A shoe shine man enters his home after a long day’s work and boasts to his wife about his special talent for snapping his shine rag and using a better grade of polish. After work at a sign painter’s home, the practical artist extolls the superior quality of his brush and his unique mastery of curving letters. A park garbage cleaner muses on spearing newfangled gum wrappers and the challenges of cleaning up eggshells during picnic season. A soda jerk brags to his wife that his colleagues just can’t sling those mixed drinks as quickly as he. A street sweeper shows off to his wife the new brush with just the right heft and breadth for easier work, and then ponders his chances for promotion over “Jerry” who “is good at plain sweeping’ but he’s no good around telegraph poles.”

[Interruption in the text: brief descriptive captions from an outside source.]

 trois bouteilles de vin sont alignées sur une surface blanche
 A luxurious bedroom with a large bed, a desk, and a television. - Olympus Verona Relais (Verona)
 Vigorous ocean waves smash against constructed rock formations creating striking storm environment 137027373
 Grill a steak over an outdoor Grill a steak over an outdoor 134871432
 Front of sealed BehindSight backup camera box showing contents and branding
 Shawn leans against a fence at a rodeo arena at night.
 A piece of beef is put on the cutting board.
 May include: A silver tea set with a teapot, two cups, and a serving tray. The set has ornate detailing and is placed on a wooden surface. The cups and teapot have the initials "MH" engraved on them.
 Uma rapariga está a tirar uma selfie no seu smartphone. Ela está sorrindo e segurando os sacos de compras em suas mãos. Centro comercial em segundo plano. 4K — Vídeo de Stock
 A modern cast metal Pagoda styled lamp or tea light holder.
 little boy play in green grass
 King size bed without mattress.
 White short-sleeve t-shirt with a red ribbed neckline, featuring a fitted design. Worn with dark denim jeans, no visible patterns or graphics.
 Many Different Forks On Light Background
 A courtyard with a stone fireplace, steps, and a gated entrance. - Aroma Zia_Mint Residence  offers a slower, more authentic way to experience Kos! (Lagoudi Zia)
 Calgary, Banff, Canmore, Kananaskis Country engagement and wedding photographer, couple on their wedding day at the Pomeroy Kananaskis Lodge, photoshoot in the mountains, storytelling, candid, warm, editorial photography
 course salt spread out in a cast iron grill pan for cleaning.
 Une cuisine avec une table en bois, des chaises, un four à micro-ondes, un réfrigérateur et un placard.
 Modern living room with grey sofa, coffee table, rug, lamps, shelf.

These scenarios of workingmen returning home at night and reflecting upon their craft was the conceit for Clare Briggs’ remarkable Real Folks at Home series of the 1920s. This was a deep dive into the nuances of pride, spousal support, small ambitions, respect for craft among the laboring classes for the most part. There were occasional forays into more vaunted professions like an orchestra conductor, opera singer, or baseball star. But largely Briggs was concerned with the hard-working manual laborers who may have been invisible to the white collar suburban classes to which many newspapers tried to expand their circulation after WWI. This was a regular celebration of the people who made towns and cities run, the dignity of work, and the native intelligence and thoughtfulness of “real folk.”